Dataset extract:
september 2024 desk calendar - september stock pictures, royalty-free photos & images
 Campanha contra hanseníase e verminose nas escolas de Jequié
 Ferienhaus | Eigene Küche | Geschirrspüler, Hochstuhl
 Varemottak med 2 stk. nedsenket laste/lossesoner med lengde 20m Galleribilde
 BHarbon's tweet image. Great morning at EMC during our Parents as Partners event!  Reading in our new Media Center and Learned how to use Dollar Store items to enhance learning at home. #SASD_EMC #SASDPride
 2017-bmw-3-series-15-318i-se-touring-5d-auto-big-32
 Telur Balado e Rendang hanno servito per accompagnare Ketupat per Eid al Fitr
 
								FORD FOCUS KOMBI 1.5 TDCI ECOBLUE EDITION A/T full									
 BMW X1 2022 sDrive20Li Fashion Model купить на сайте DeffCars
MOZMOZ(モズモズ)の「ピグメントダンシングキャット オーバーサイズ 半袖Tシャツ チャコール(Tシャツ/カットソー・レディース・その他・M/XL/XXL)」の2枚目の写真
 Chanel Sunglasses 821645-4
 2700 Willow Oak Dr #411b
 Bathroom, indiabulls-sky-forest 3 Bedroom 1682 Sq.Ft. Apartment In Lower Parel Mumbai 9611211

Task statement: Give back exactly the lines from the one containing "BMW X1 2022" through the end of the listing above, with both ends included and nothing added.

Result:
 BMW X1 2022 sDrive20Li Fashion Model купить на сайте DeffCars
MOZMOZ(モズモズ)の「ピグメントダンシングキャット オーバーサイズ 半袖Tシャツ チャコール(Tシャツ/カットソー・レディース・その他・M/XL/XXL)」の2枚目の写真
 Chanel Sunglasses 821645-4
 2700 Willow Oak Dr #411b
 Bathroom, indiabulls-sky-forest 3 Bedroom 1682 Sq.Ft. Apartment In Lower Parel Mumbai 9611211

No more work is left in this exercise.